McMurtry’s days on earth had a magnetic pull for me in this retelling of his life. He represented something noble to me, something pure. Maybe it was just his vision of the world that he refused to change for editors, directors and critics. Maybe it was his chronic need to pound the keyboard shaping characters and scenes. Or most likely, like me, McMurtry had an affinity for a world out in The West that was dying or maybe dead before he started telling of its’ ending. I get the attraction to “the elegy” narrative. In a way, it frees us of the possibility of fully participating in society because we associate, have the values, of another time. It’s a way to stay an observer of things, to never have to put roots down or, frankly, commit to the human beings around you simply because you’re “other.”

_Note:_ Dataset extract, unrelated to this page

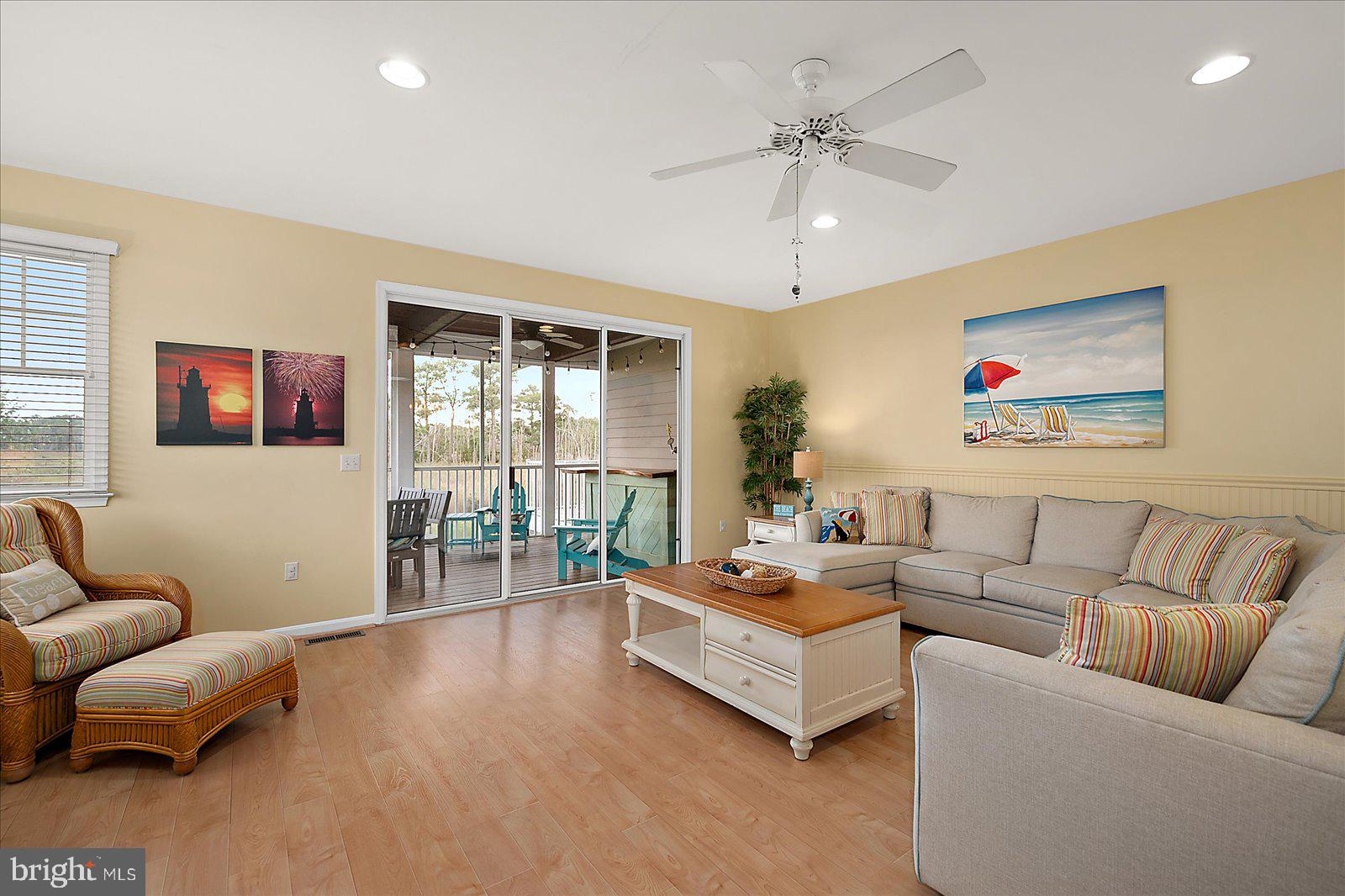 BAYVILLE SHORES - Residential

In the end of his life, McMurtry who’d spent a good part of his days and his work, castigating the partially fictitious characters of his Archer City home, making them seem pathetic and impotent to changing times, their town just a dead end of a bad idea in a lousy landscape, still it was good a place as any to lay his dying head. Before doing so, at 75, he married Kesey’s widow, sold off most of his books and with his eyesight failing, stopped writing and waited for the inevitable.
I loved reading about Larry McMurtry. He was an interesting guy that knew how to work hard. You could be remembered for a lot worse.